Community Article Published September 6, 2024

We are excited to release our latest model - Llama-3.1-Carrot, an 8 billion parameter Vision model based on SigLip and Meta AI's Llama 3.1 8B.

image/png

The primary architecture is comprised of 2 components:

  1. Llama 3.1 8B instruct: A large language model known for its strong performance in instruction-following tasks.
  2. SigLIP: A vision encoder that excels in creating rich visual representations.

The model weights are released under Apache 2.0 License here: https://huggingface.co/Capx/Llama-3.1-Vision

with huge thanks to the BAAI team for their amazing work on Bunny.

Model Architecture

We build upon BAAI's Bunny repository for our model. Our vision model's architecture can be broken down into three main components:

  1. Vision Encoder (SigLIP): Responsible for processing and encoding visual inputs into a high-dimensional feature space.
  2. Connector Module: A crucial component that bridges the gap between the vision encoder and the language model, allowing for effective multimodal reasoning.
  3. Language Model (Llama 3.1 8B Instruct): Handles text generation and understanding based on the encoded visual features and textual inputs.

image/png Source: https://arxiv.org/abs/2402.11530

We use LoRA along for Parameter efficient training of the complete model on frugal resources.

Training Process

We employed a two-stage training approach:

  1. Pretraining Stage: In this stage, we align the visual embeddings from a pre-trained vision encoder with the text embeddings from the LLM. The purpose of this stage is to adapt Visual Embeddings that are high-dimensional representations of visual information, extracted from images using a pre-trained vision encoder(in our case, SigLip) to another high-dimensional space that represent text. This is done via a cross modality projector - A 2 layer MLP that projects Image embeddings to textual embeddings.

  2. Visual Instruction Tuning: This process involves training the model on a diverse set of multimodal tasks, teaching it to follow instructions that involve both text and images. LoRA (Low-Rank Adaptation): This is a technique used to efficiently fine-tune large language models. It adds a small number of trainable parameters to each layer of the LLM, allowing for task-specific adaptation without modifying all parameters. Process:

The LLM backbone is fine-tuned using LoRA, which helps maintain the model's general knowledge while adapting to multimodal tasks. The vision encoder and cross-modality projector are fully tuned, allowing them to adapt more completely to the multimodal context.

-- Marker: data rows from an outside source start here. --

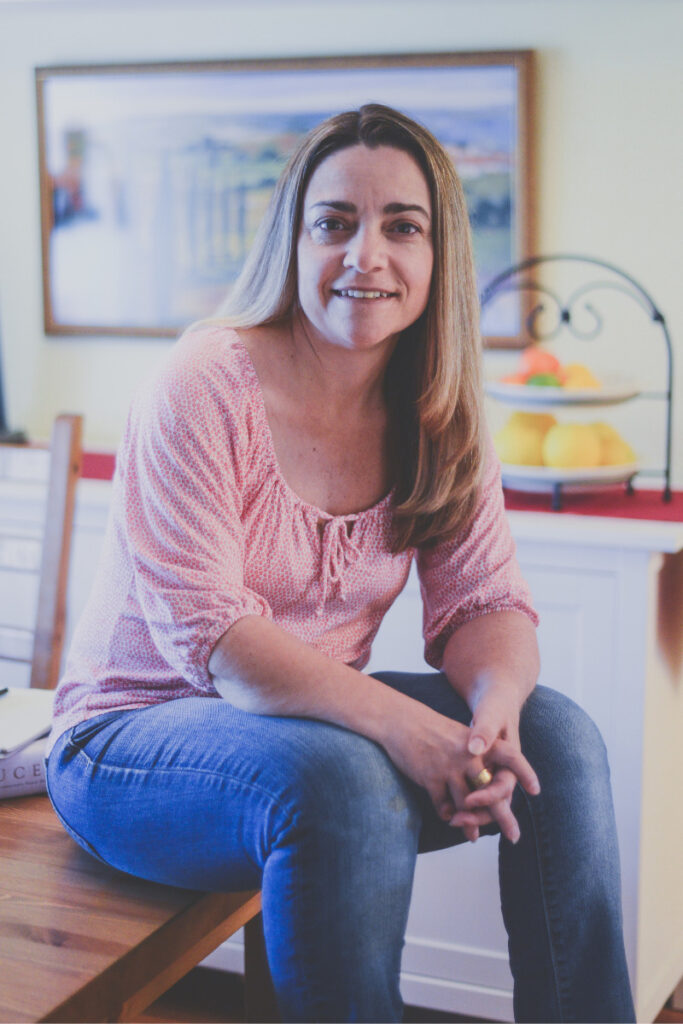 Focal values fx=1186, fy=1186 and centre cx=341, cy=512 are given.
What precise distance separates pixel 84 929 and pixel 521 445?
1.05m

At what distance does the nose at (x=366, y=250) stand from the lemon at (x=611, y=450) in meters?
0.70

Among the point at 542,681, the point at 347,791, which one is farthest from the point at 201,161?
the point at 347,791

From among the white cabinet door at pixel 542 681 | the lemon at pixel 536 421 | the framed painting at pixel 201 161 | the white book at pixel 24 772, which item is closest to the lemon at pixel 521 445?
the lemon at pixel 536 421

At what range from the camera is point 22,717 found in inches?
53.0

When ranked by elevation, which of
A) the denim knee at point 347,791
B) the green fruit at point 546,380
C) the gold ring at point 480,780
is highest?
the green fruit at point 546,380

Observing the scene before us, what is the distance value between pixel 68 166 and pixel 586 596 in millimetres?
1338

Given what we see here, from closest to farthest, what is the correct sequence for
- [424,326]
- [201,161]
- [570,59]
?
[424,326] → [570,59] → [201,161]

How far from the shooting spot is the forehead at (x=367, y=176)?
3.92ft

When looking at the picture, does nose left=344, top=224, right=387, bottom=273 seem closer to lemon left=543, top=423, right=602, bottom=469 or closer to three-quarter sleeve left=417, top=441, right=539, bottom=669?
three-quarter sleeve left=417, top=441, right=539, bottom=669

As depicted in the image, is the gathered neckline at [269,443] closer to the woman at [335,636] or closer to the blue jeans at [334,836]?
the woman at [335,636]

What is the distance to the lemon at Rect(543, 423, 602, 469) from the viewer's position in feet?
5.77

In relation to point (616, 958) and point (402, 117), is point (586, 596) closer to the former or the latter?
point (616, 958)

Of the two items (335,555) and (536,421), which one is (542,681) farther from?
(335,555)

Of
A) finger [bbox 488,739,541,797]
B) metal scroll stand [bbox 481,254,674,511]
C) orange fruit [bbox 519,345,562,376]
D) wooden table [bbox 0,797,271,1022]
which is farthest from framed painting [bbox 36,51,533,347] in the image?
wooden table [bbox 0,797,271,1022] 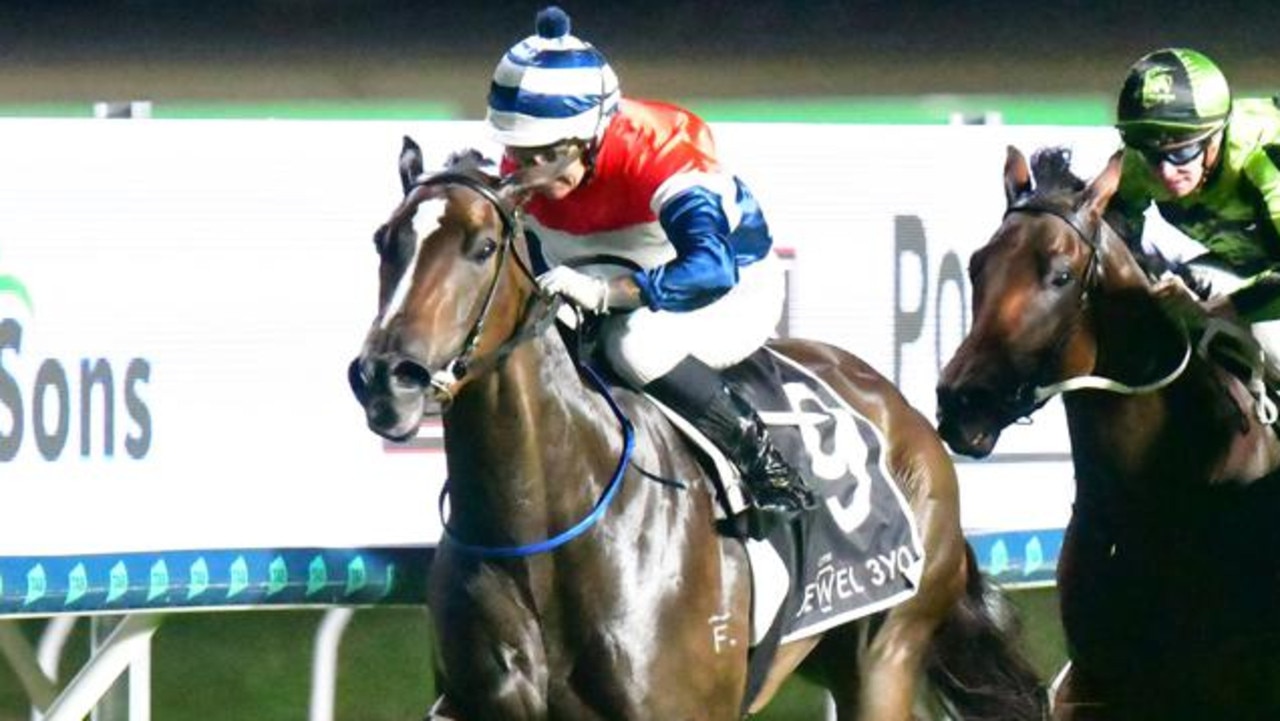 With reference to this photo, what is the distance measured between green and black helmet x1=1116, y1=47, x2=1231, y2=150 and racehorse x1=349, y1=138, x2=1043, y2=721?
1.00m

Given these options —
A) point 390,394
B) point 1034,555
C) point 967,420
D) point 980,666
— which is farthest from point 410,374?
point 1034,555

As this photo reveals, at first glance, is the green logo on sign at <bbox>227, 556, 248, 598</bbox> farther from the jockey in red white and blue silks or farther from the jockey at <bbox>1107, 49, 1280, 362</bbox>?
the jockey at <bbox>1107, 49, 1280, 362</bbox>

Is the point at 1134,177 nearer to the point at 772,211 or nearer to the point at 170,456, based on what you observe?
the point at 772,211

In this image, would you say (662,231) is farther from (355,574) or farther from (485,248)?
(355,574)

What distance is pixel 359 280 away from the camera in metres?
5.92

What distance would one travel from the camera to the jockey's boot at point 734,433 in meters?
4.94

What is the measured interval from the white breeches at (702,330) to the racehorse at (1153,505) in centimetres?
39

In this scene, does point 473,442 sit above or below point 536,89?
below

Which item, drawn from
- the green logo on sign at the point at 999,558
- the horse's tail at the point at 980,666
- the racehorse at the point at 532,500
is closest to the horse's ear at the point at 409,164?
the racehorse at the point at 532,500

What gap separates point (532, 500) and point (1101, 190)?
125 cm

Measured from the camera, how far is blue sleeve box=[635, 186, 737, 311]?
15.3 ft

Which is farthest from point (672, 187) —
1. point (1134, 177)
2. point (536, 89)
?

During training, we monitored key metrics such as loss convergence and validation performance to ensure optimal model behavior.

The following loss was observed during the Visual Instruction Tuning Phase:

image/png

Compute Used

The entire model was trained on 8 x A100s each with 80GB of VRAM. The complete training took approximately 40 hours.

Results and Performance

Our final model demonstrated impressive capabilities in various vision-language tasks:

  • Image Captioning: Generated detailed and contextually relevant captions for a wide range of images.
  • Visual Reasoning: Showed strong performance in tasks requiring complex reasoning about visual scenes.

Examples:

1. image/png

USER: what is it's expression?

ASSISTANT: The cat has a playful expression. It appears to be smiling and sticking its tongue out.

USER: what is in the background?

ASSISTANT: In the background, there is a pool with a white fence around it. There are also trees and a house nearby.

2. image/png

USER: who are the characters in the image?

ASSISTANT: The characters in the image are Mario, Luigi, and Yoshi.

USER: are they real?

ASSISTANT: No, they are not real. They are plastic toys.

Conclusion

We hope the community leverages our learnings and ship cool stuff. The ideas, opportunities and potential are endless! As we continue to refine and expand this model, we anticipate its application in various domains, from content moderation to advanced human-AI interaction systems. Thank you!

We thank the amazing team at BAAI, for their Bunny project, upon which this was built and Meta AI for their Llama 3.1 model!